Why do higer end server cpu typically have slower single thread performance?

1

Something I saw many times and which is confirmed by multiple benchmarks: Xeon cpu and more generally Intel cpu targeting the server market have slower per thread performance than a CoreX cpu.
Even a $117 22nm Core i3 Ivy Bridge cpu will typically run python workloads faster than a $2000 10nm Xeon Cannon Lake cpu. And it’s not even with Turbo Boost mode enabled!

Except in the case of python (where the language doesn’t have proper multithreading support) server workloads are more multithreaded and more multiprocess than the games and workloads run by an individual which explains why they favour sacrificing single thread performance in order to have more cores.

While it’s already know that Intel and other hardware maufacturers can no longer increase performance using single core designs, what (in details) does decreasing per thread peformance for the same microarchitecture brings? Why not continue to just add less but faster core per chip for the same price?

user2284570

Posted 2019-10-27T04:23:43.797

Reputation: 1 160

Or rephrased why you have better to run a huge python workload on a $117 22nm Core i3 Ivy Bridge cpu than a $2000 10nm Xeon Cannon Lake cpu? (since cpu bounds python programs can run only one thread at time). – user2284570 – 2019-10-27T04:27:04.743

3The answer is simple: Because server CPUs are optimized for multi-core processes. That is the typical scenario of a server (web- /database server, computing cluster, ...). – Robert – 2019-10-27T10:05:52.917

@Robert that’s I said in my question. But why putting less but faster cores isn’t equivalent to setting more but slower cores? – user2284570 – 2019-10-27T14:33:52.093

This is a question of the software you run. Typical server software can make use of multiple cores. A Python program not. Some typical desktop programs can make use of some cores. – Robert – 2019-10-27T17:11:15.917

@Robert do you know that python is Powerring the backend of several Google websites (though not the most used ones)? – user2284570 – 2019-10-27T17:36:37.330

Python web systems use multiple processes instead of multi-threading. Therefore Python can be used without problems on a server in this case. – Robert – 2019-10-28T09:05:04.553

@Robert except if you have a 2000 billions (like in my case) possibility graph where walking on it takes 5ms per path so that creating a process each time or relying on ɪᴘᴄ is too much overhead. – user2284570 – 2019-10-28T12:43:10.183

Answers

0

(This post is asking for speculation and I'm happy to oblige.)

Why not continue to just add less but faster core per chip for the same price?

The problem is that the current technology had hit its limits, so only minor performance improvements are now possible. Improvements of 10-20% just don't sound very convincing.
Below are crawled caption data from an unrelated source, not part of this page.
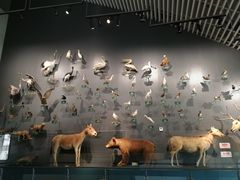 -中国湿地博物馆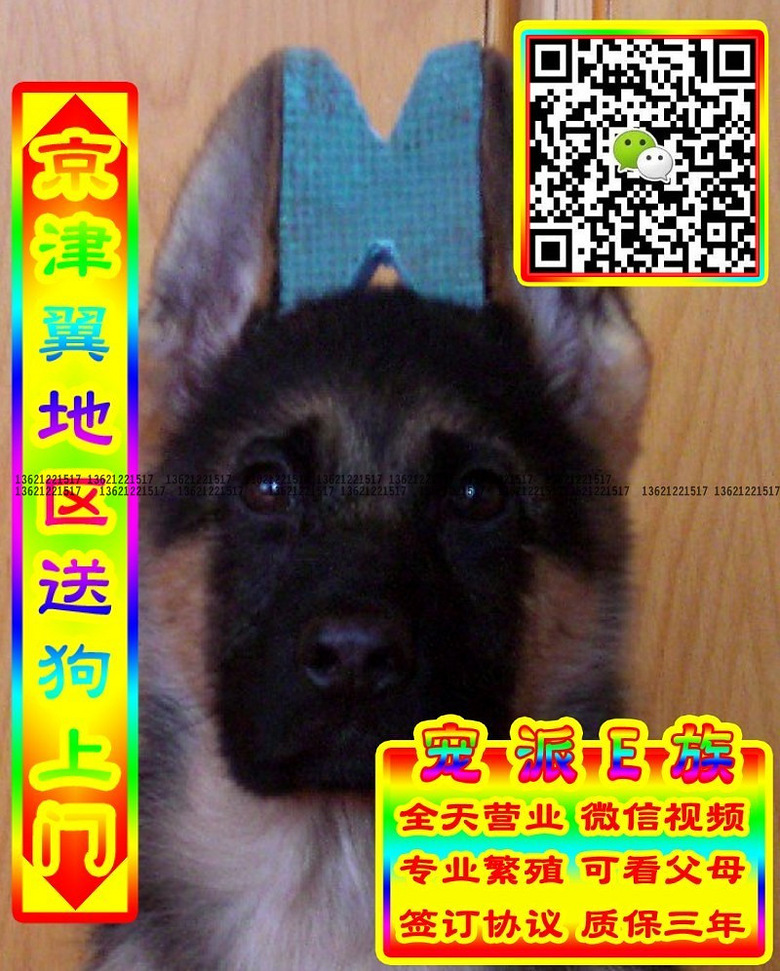 德牧幼犬、微信视频、可送货、可发货、签订协议
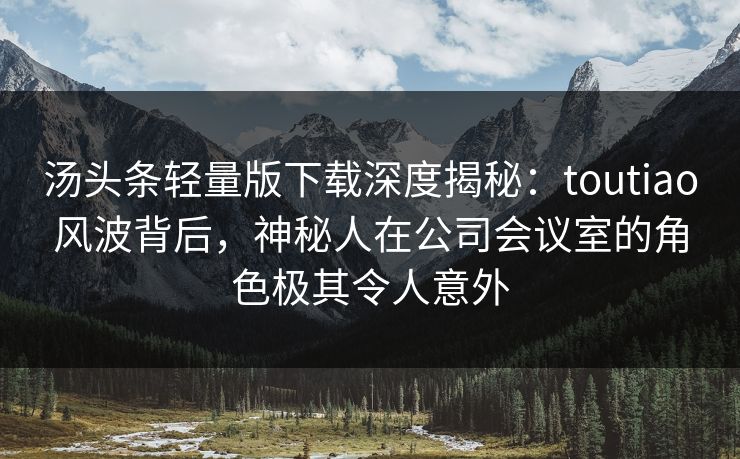 汤头条轻量版下载深度揭秘：toutiao风波背后，神秘人在公司会议室的角色极其令人意外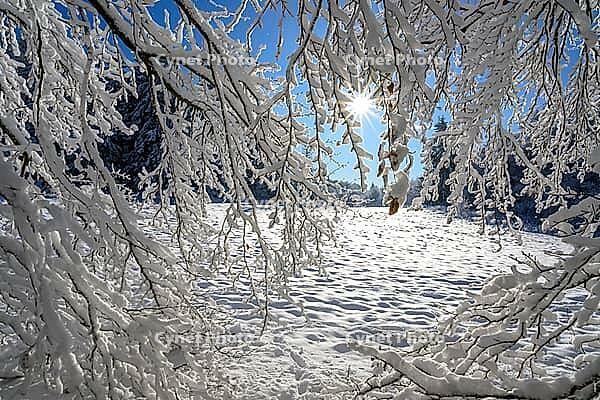 Snowy landscape with sunbeams and snow-covered branches in the foreground, Geo nature park Park Frau Holle Land, Hoher Meissner, Hessian Lichtenau, Hesse, Germany [IBR123700029]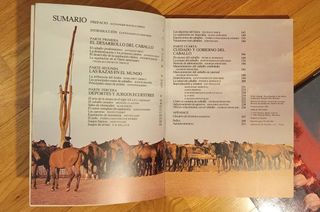 Lote 2 libros Enciclopedia del caballo y Caballos.
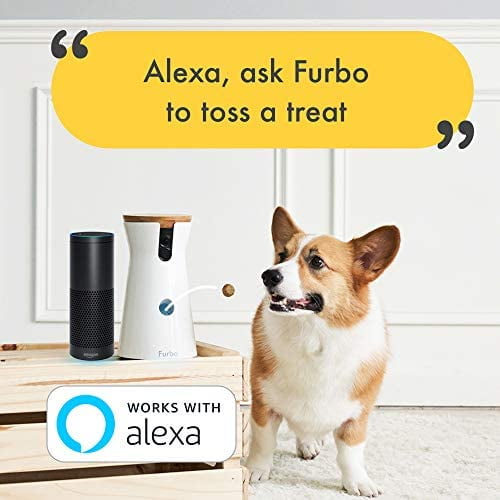 Ellen furbo cheap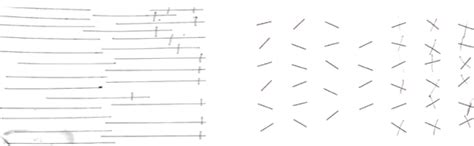 Image result for Line Bisection Test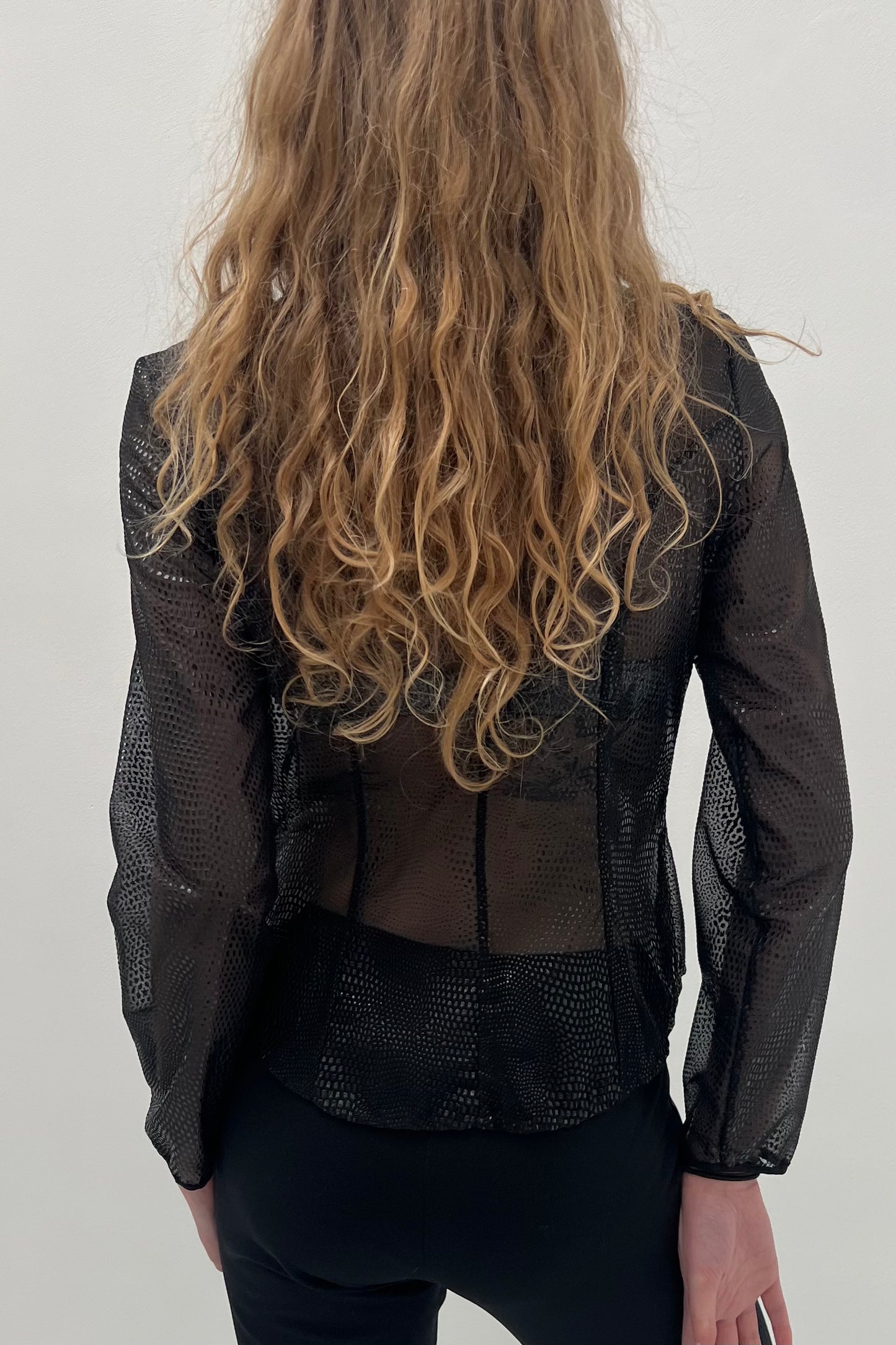 Vintage See Through Snake Printed Blouse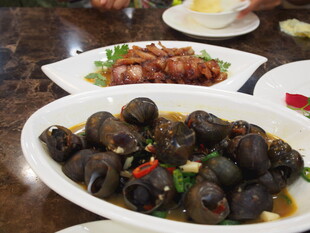 美味田螺与特色菜肴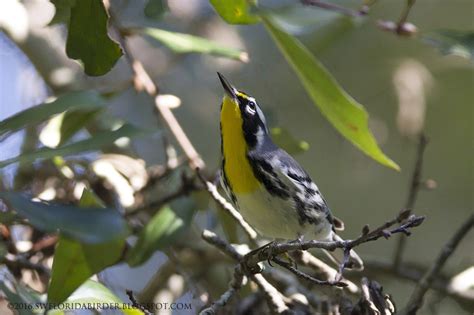 Feature: Sawgrass Lake Park Pt. II | Focusing on Wildlife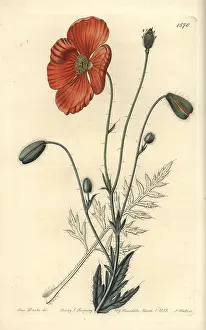 Persicum: Persian poppy, Papaver persicum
On the other hand, manufacturers do not wish to fall behind Moore's law, stating that computer chip performance would roughly double every 18 months (with no increase in power consumption). This needs an improvement factor of 100%, and such single-core technology just does not exist.

Solution : Double the number of cores and sum up their total capacity, as proof that performance is evolving fast enough by 100%.
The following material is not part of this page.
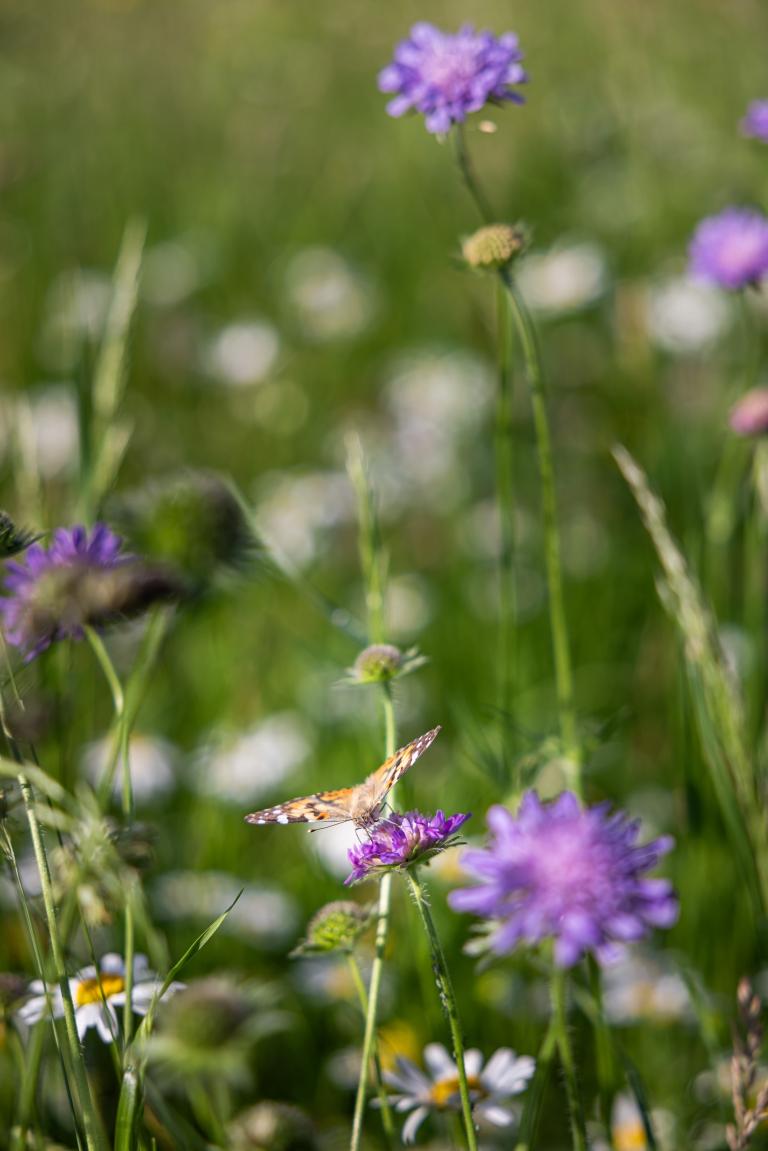 Dokumentation Biodiversität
In real life this theoretical increase of the number of cores is not guaranteed to increase the total performance, since some computer resources are shared and may become bottlenecks, for example the RAM, bus and disk.

What does decreasing per thread performance for the same micro-architecture brings?

Increasing the number of cores cannot be done indefinitely, especially in view of electrical consumption. For a core to work faster, it needs more electricity. This means that the more cores you have, each will have a smaller part of the total available electricity and so must work slower.

The solution here is turbo mode, whereby one core gets most of the available electrical supply. So you have one fast core and the others either turned off or slowed down. But as one core cannot support that mode indefinitely, the solution is to switch turbo mode on for multiple cores in rotation.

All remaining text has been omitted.